Tuesday May 17, 2005

With Making Noise Quietly, TheatreFIRST has something of an oxymoron: a low-key tour de force. Maybe a double oxymoron, considering the title. So many shows try in good faith to make statements about war, or about the social or simply human situation that leads up to it, taking on the subject either directly, or with a great deal of irony. In Making Noise Quietly, British playwright Robert Holman shows what comes out of it, with no big displays of violence, brutality or overwrought emotionalism, and only the driest, most transparent irony. 

And Holman does it in three seemingly unrelated dialogues. These scenes are pieces of complex sophistication, though they’re staged naturally enough. But the impressions build up. We come away with something else than what we came in with, something even a little different from what we experienced during the play. 

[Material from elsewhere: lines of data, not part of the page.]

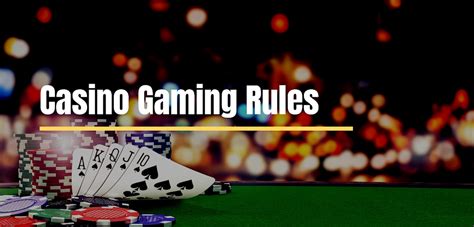 casino gaming rule 1999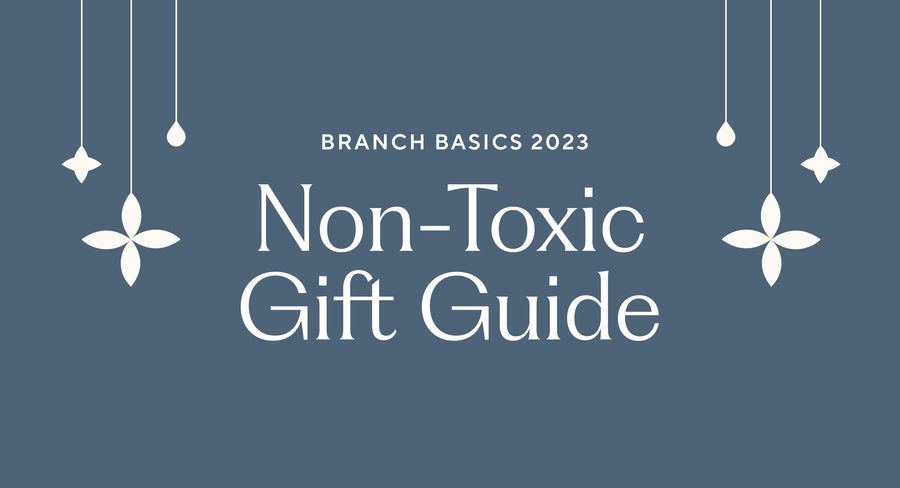 Branch Basics 2023 Non-Toxic Gift Guide
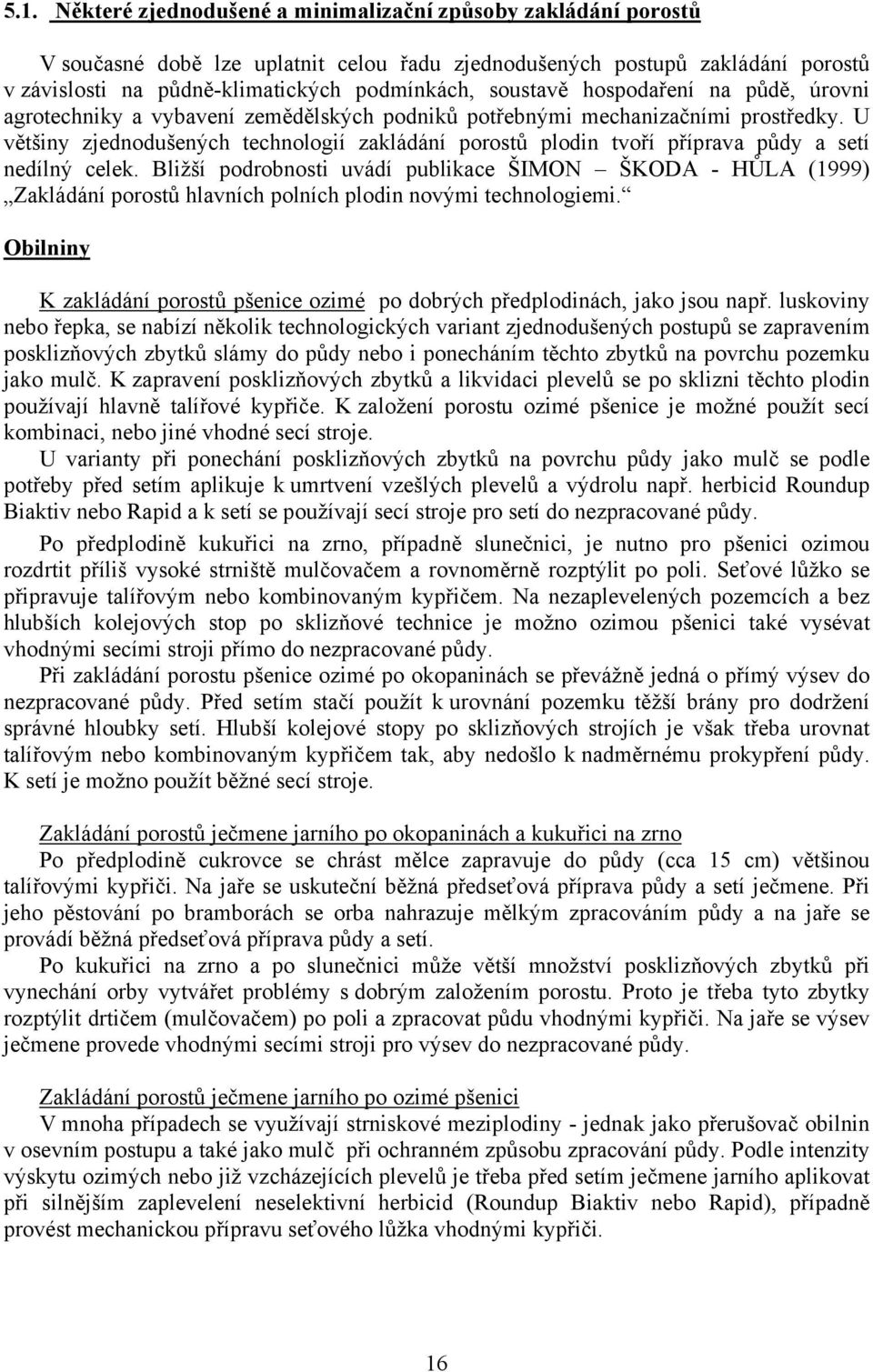 U většiny zjednodušených technologií zakládání porostů plodin tvoří příprava půdy a setí nedílný celek.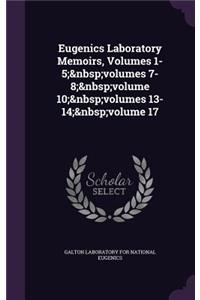 Eugenics Laboratory Memoirs, Volumes 1-5; volumes 7-8; volume 10; volumes 13-14; volume 17
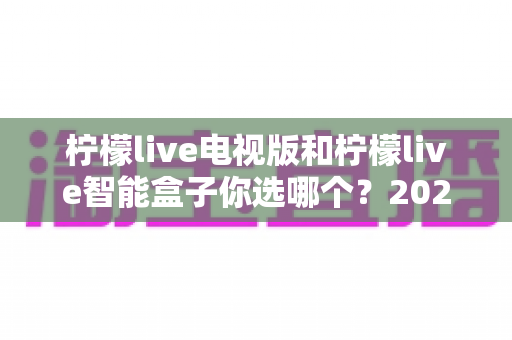 柠檬live电视版和柠檬live智能盒子你选哪个?2025年最实用选购指南,帮你找到最适合的观影方案 柠檬live电视版和柠檬live智能盒子你选哪个?2025年最实用选购指南,帮你找到最适合的观影方案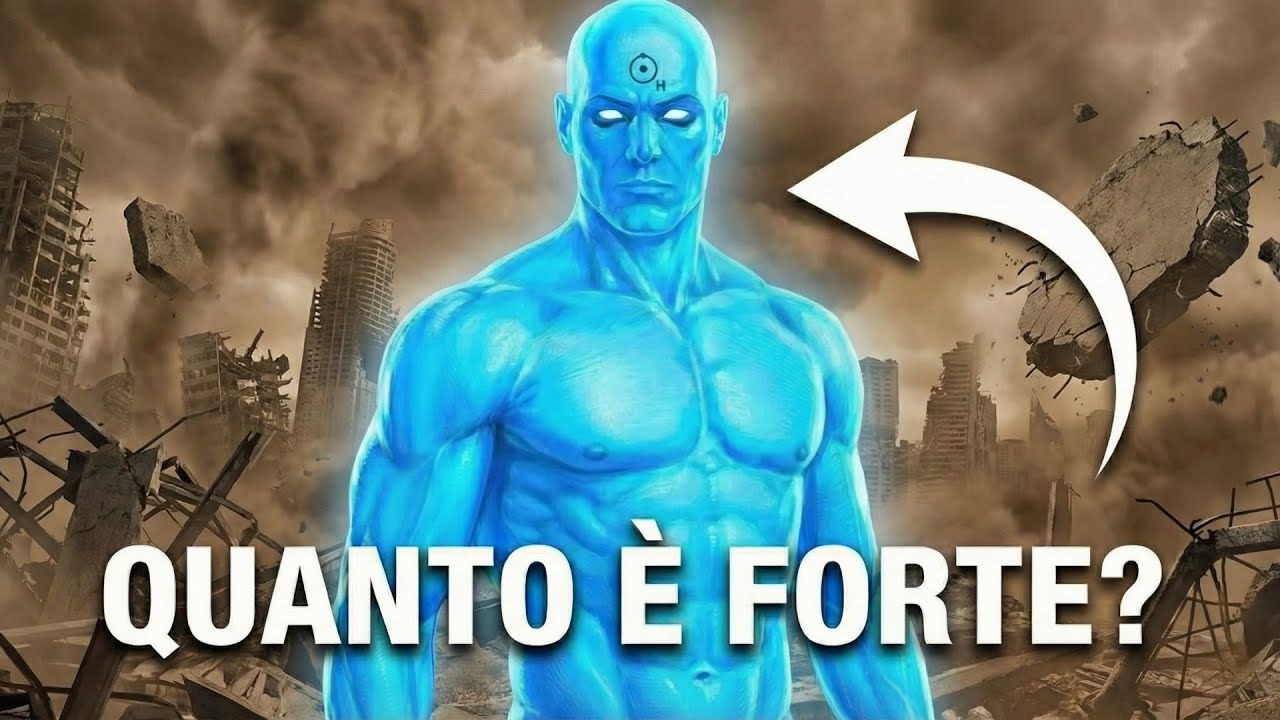 QUANTO È DAVVERO FORTE DR. MANHATTAN?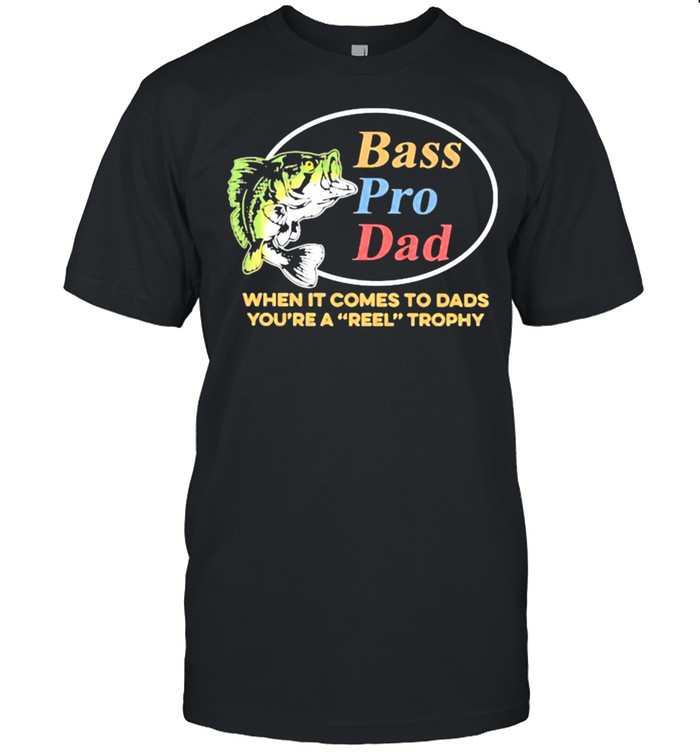 Bass PRo Dad When It Comes To Dads You're A Reel Trophy Fishing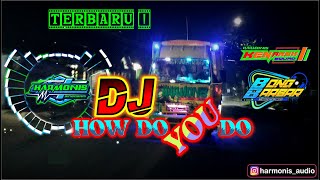 DJ How Do You Do - New Jingle Harmonis Audio || Special Edition By DJ Bongo BarBar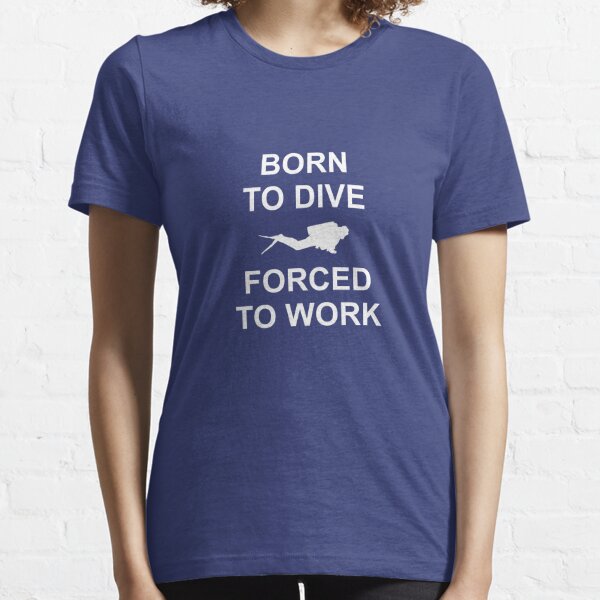Born To Dive Essential T-Shirt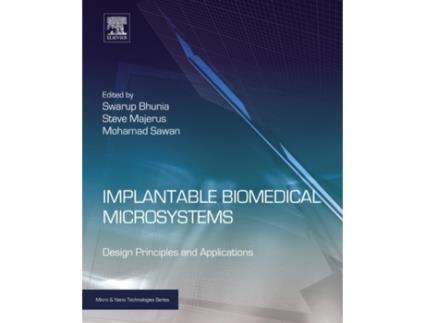 Livro Implantable Biomedical Microsystems de Swarup Bhunia, Steve Majerus et al. (Inglês - Capa Dura)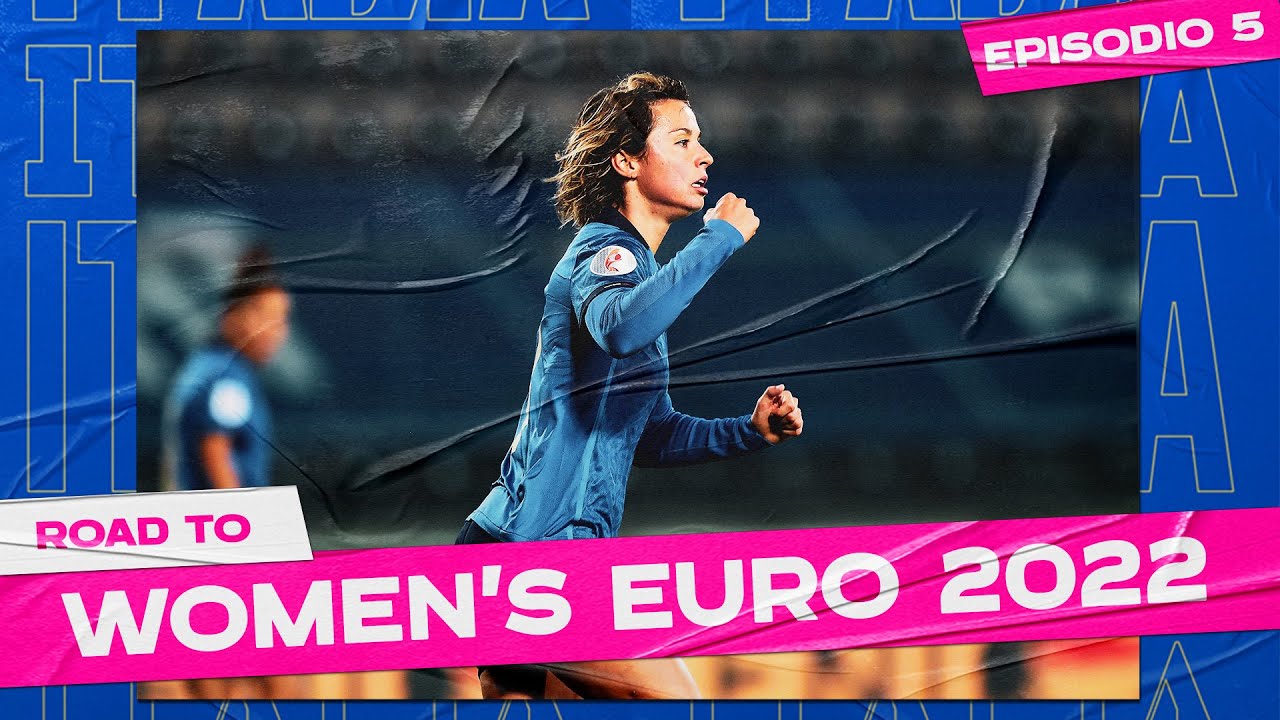 image 0 “sfida Al Vertice” : Road To Women’s Euro 2022 : Ep. 5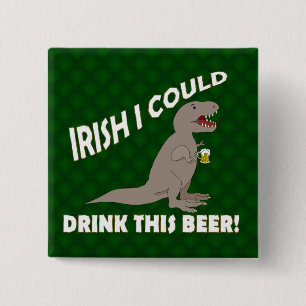 Irish I Could Drink This Beer, Funny T-Rex 15 Cm Square Badge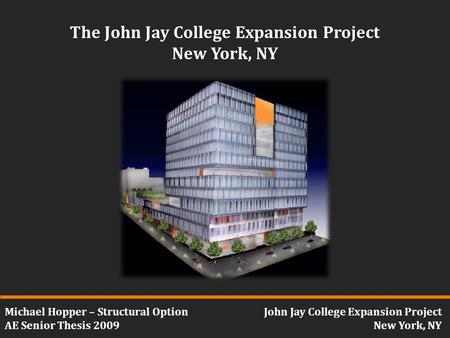 Michael Hopper – Structural Option AE Senior Thesis 2009 John Jay College Expansion Project New York, NY The John Jay College Expansion Project New York,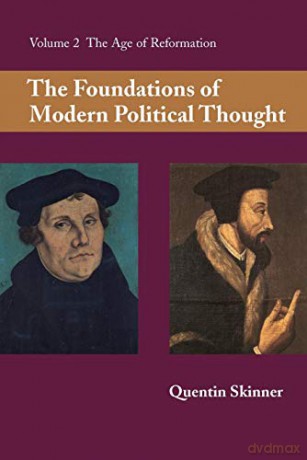 Foundations Of Modern Political Thought - Quentin Skinner [KSIĄŻKA]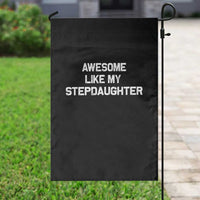 Awesome Like My Step Daughters Garden Flag Funny Stepdad Stepmom Gifts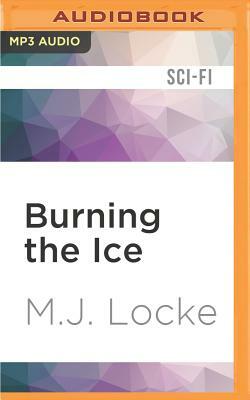 Burning the Ice by Laura J. Mixon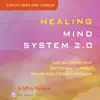 Healing Mind System 2.0 album lyrics, reviews, download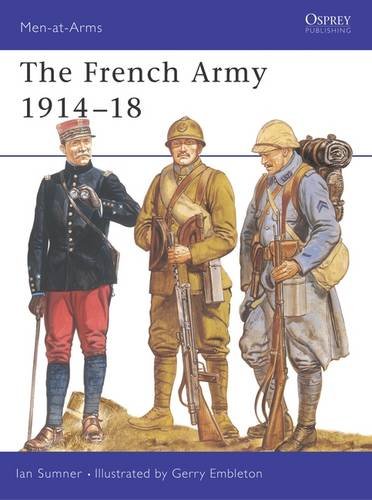 THE FRENCH ARMY 191418 (MEN-AT-ARMS) By Ian Sumner & Gerry Embleton **Mint**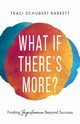 What If There's More?, Barrett Traci Schubert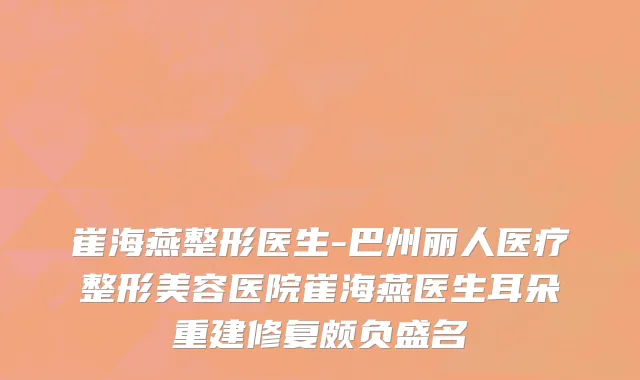 崔海燕整形医生-巴州丽人医疗整形美容医院崔海燕医生耳朵重建修复颇负盛名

The careful show of disparity among characters and how they’re grouped reveal techniques usually associated with realistic novels or film. There are two young men of very different backgrounds who meet in the south English countryside during World War II: a young man inadvertently bringing tragic news to the mother of a former shipmate during the Malvinas (Falklands) War of 1982 and a German woman painting in a forest while an Englishman and a boy look on, three decades after World War II’s end. 

But this is modern theater in its grand sense, even though rendered almost in miniature. It provides a sense of chamber theater, but outdoors in the daylight and finally in the gathering dusk of three landscapes, without the walls that would build irony and resonance from the characters’ words and spare actions. There’s nothing in the expression of the text, nothing in the staging that’s indebted to television or commercial film, something increasingly rare in today’s theater, especially when representing everyday life and conversation. 

The scenes (Holman identifies them as three short plays, a triptych, and co-directors Clive Chafer and Erin Gilley have chosen paintings from the times of each scene that are projected at the start of each) quietly unfold, as the title seems to indicate.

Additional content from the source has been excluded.